The reply came a little later - and I was astonished by what I read.
Clearly a man after my own heart when it comes to such things, my correspondent had done some in-depth research and dug up a wealth of information, including birth dates, marriage details, children etc. He'd even visited the public records office on my behalf to see if there were any other details to be found. It transpired that the craftsman had left his home country at the outbreak of war, along with his wife and children, seeking safety from the Nazi regime - and ended up in a holding camp in Margate.
During his stay here he found time to build this violin, even though his known history made no mention of any trade associated with the craft. Indeed, from looking at the remains it appears that he was either largely self-taught, or limited by the availability of tools or materials.

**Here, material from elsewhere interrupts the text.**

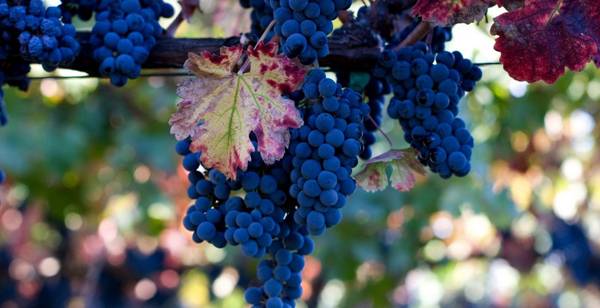 Про обрезку винограда осенью или как добиться удивительного урожая летом с фото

As to how the violin ended up in my Notting Hill shop - on the correspondent's site was a photo of a group of Czech refugees at one of the Margate camps. In the photo was a young man holding a violin. I speculated that perhaps this could be the man himself, but the ages didn't match.
However, seated next to the young man was a woman, and it transpired that she was a regular correspondent of the man who sent the website author the photo. Following the war, she found herself living in Notting Hill, as did many other Czech refugees - which gives us the link from the violin built in Margate to my shop in West London.

The records show that the craftsman passed away in 1952, still living in Britain, leaving behind a wife, and a son who later married. The son would be in his 80's now, if he's still alive - but there remains the possibility that he and his wife had children - in which case I hold something built by their grandfather.
I have some details with which to follow up my investigation - I have details of Naturalisation certificate for the craftsman's son which ties him to a place. Beyond that, I don't know - and it will mean further research in that specific area.
I would like one day to be able to place the violin part in the hands of someone to whom I feel it rightfully belongs, but in the meantime I feel it's my duty to take good care of it.
The reason I'm being somewhat secretive about specific details is that I feel I'm sharing someone else's history with you. I feel I can only do so up to a point, at least until I have either come to the end of the trail or until I have permission from those concerned to reveal all.

And so, like all the best mysteries, this one ends with '..to be continued'.